TASK TO COMPLETE: Would you please output all the records exactly as given? Pictures should not appear in the copy.

***** RECORDS FOR PROCESSING *****

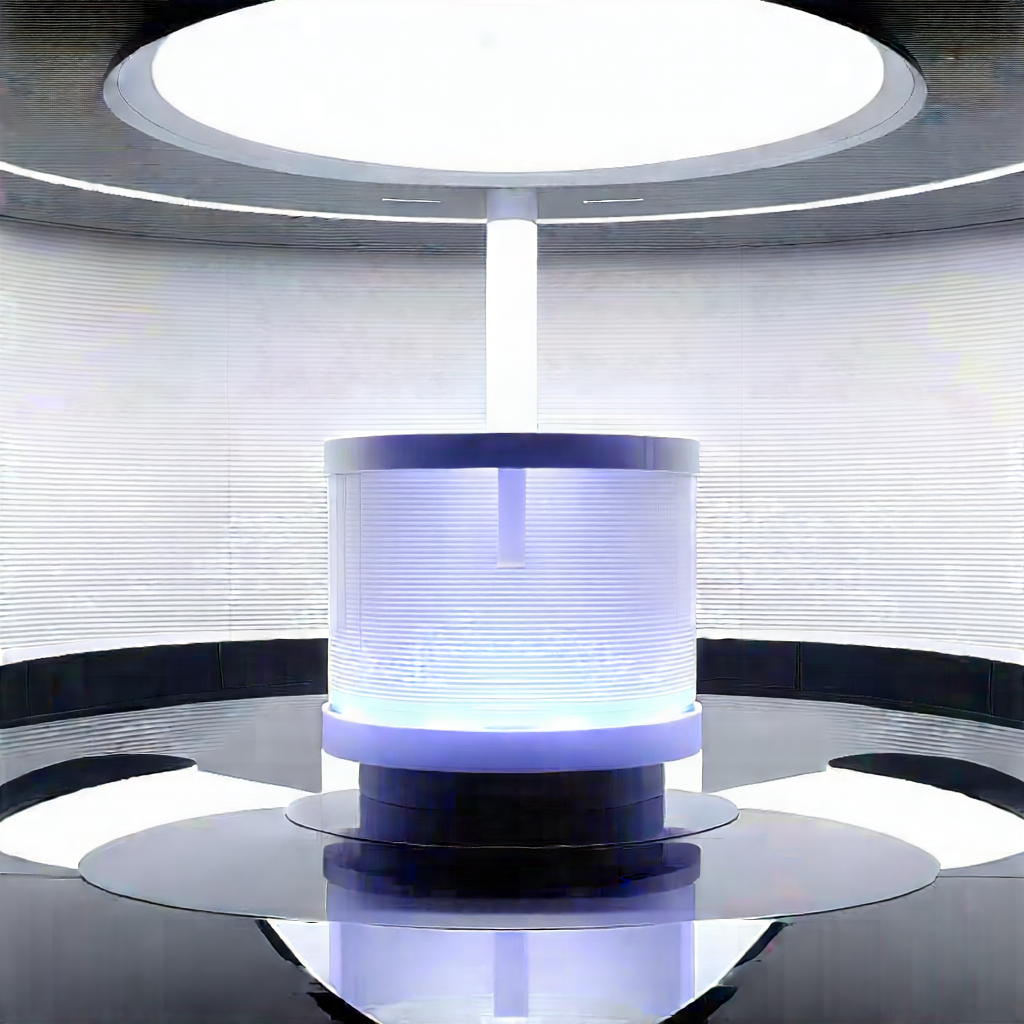Futuristic research laboratory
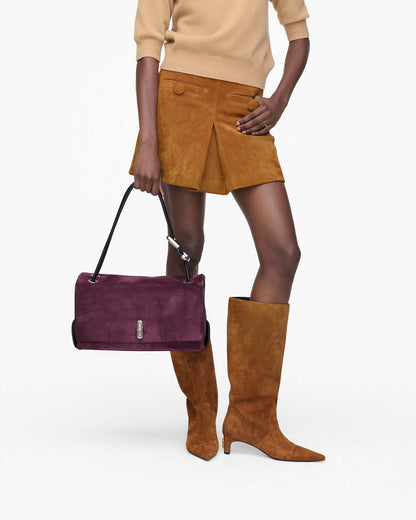 The Suede Large Dual Dark Plum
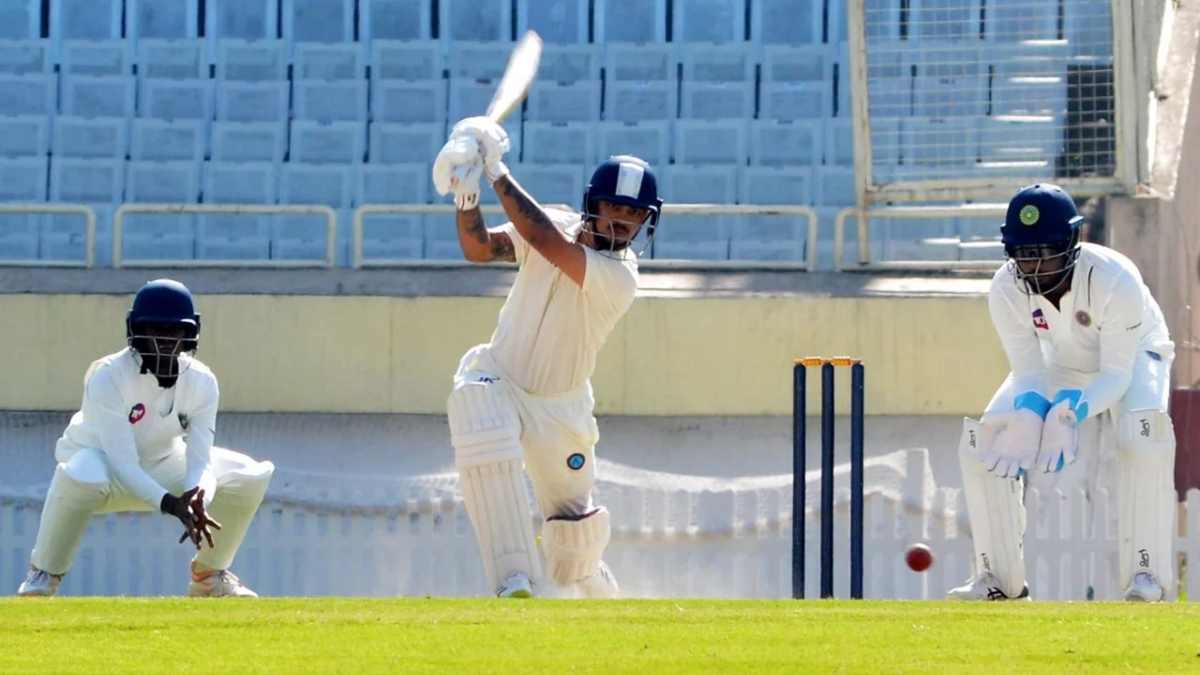 Ishan Kishan scored 114 runs in the second day of Buchi Babu Tournament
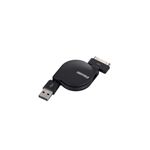 BUFFALO iPhone・iPad・iPod用巻き取りケーブル USB-A:Dock ブラック BSMPC08I75BK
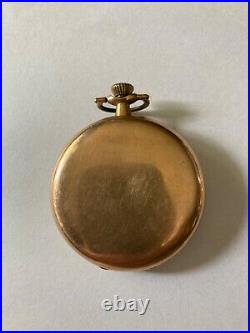 Vintage Hamilton pocket watch 1920 size 12 gold fill case needs work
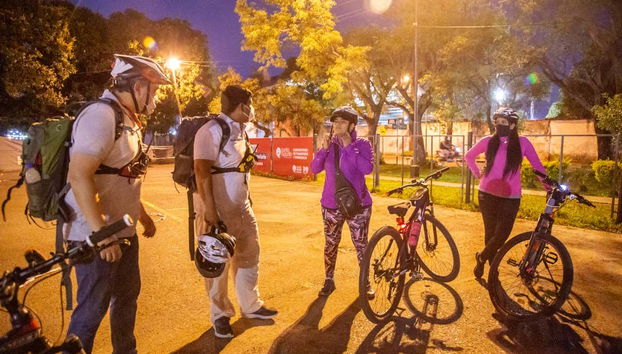 Colocando o equipamento de segurança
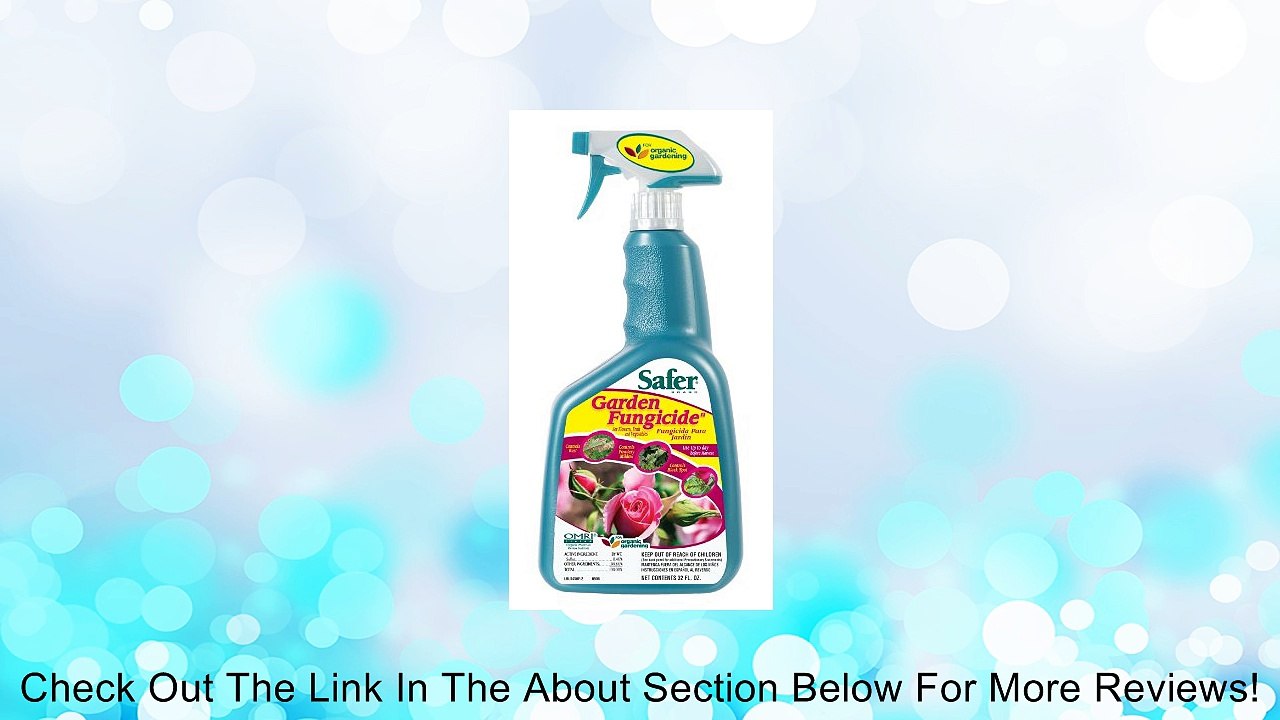 Safer Brand Garden Fungicide, Ready to Use Review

*****

TASK RESPONSE:
Futuristic research laboratory
 The Suede Large Dual Dark Plum
 Ishan Kishan scored 114 runs in the second day of Buchi Babu Tournament
 BUFFALO iPhone・iPad・iPod用巻き取りケーブル USB-A:Dock ブラック BSMPC08I75BK
 Vintage Hamilton pocket watch 1920 size 12 gold fill case needs work
 Colocando o equipamento de segurança
 Safer Brand Garden Fungicide, Ready to Use Review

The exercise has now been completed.